(TASK STATEMENT)
The answer must be an exact copy of the lines from the one containing "Fenice Backstage Over" through the end of the records, with the pictures left out.

(EXTRACTED ENTRIES)
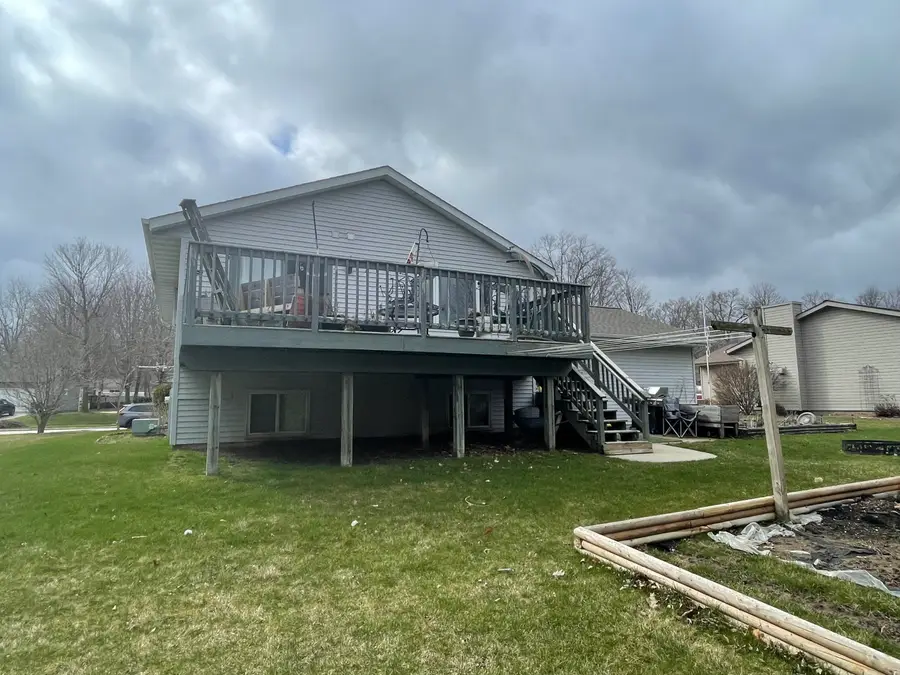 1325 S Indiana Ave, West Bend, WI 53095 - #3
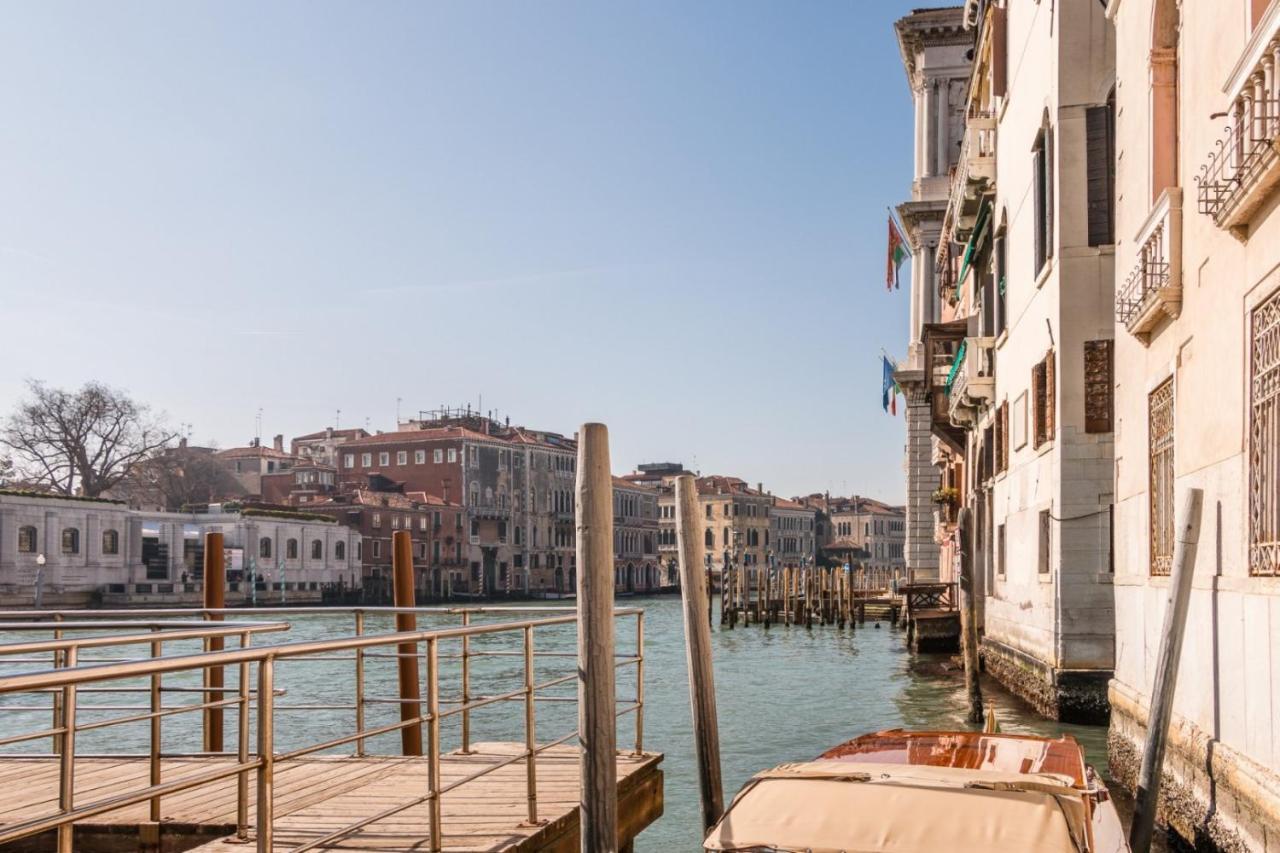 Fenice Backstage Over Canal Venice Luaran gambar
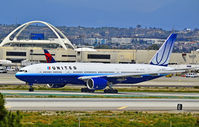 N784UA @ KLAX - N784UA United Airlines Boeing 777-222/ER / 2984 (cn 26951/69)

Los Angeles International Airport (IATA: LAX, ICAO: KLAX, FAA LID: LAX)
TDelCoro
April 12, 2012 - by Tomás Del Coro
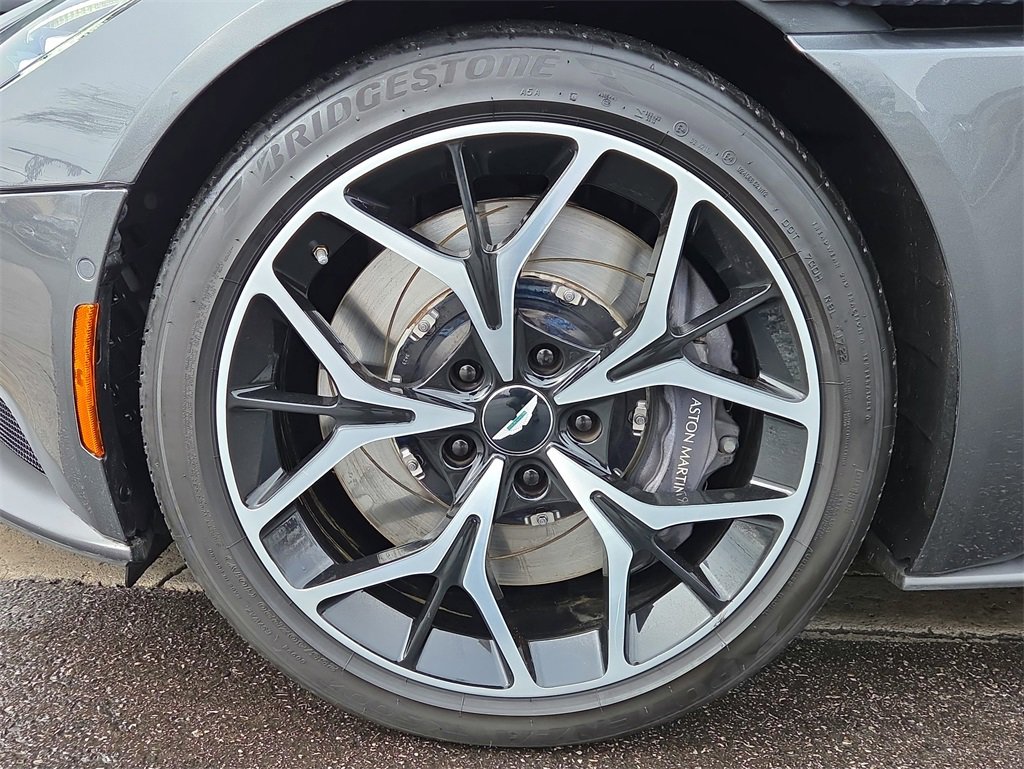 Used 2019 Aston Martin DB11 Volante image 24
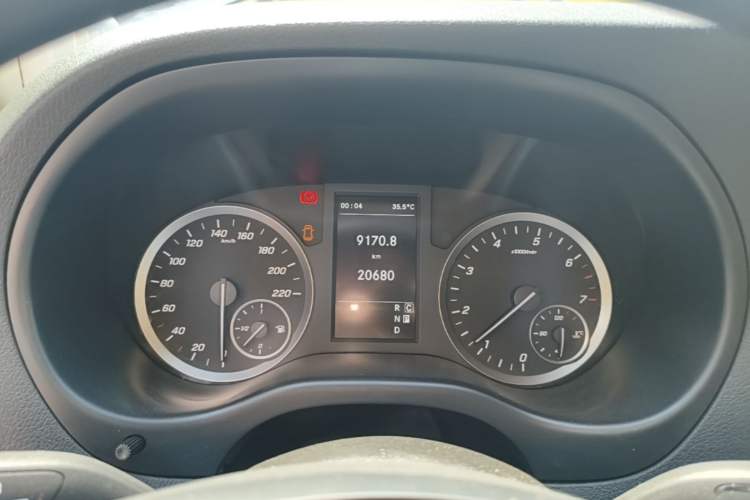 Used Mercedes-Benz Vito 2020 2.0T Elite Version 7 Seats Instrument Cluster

(EXERCISE SOLUTION)
 Fenice Backstage Over Canal Venice Luaran gambar
 N784UA @ KLAX - N784UA United Airlines Boeing 777-222/ER / 2984 (cn 26951/69)

Los Angeles International Airport (IATA: LAX, ICAO: KLAX, FAA LID: LAX)
TDelCoro
April 12, 2012 - by Tomás Del Coro
 Used 2019 Aston Martin DB11 Volante image 24
 Used Mercedes-Benz Vito 2020 2.0T Elite Version 7 Seats Instrument Cluster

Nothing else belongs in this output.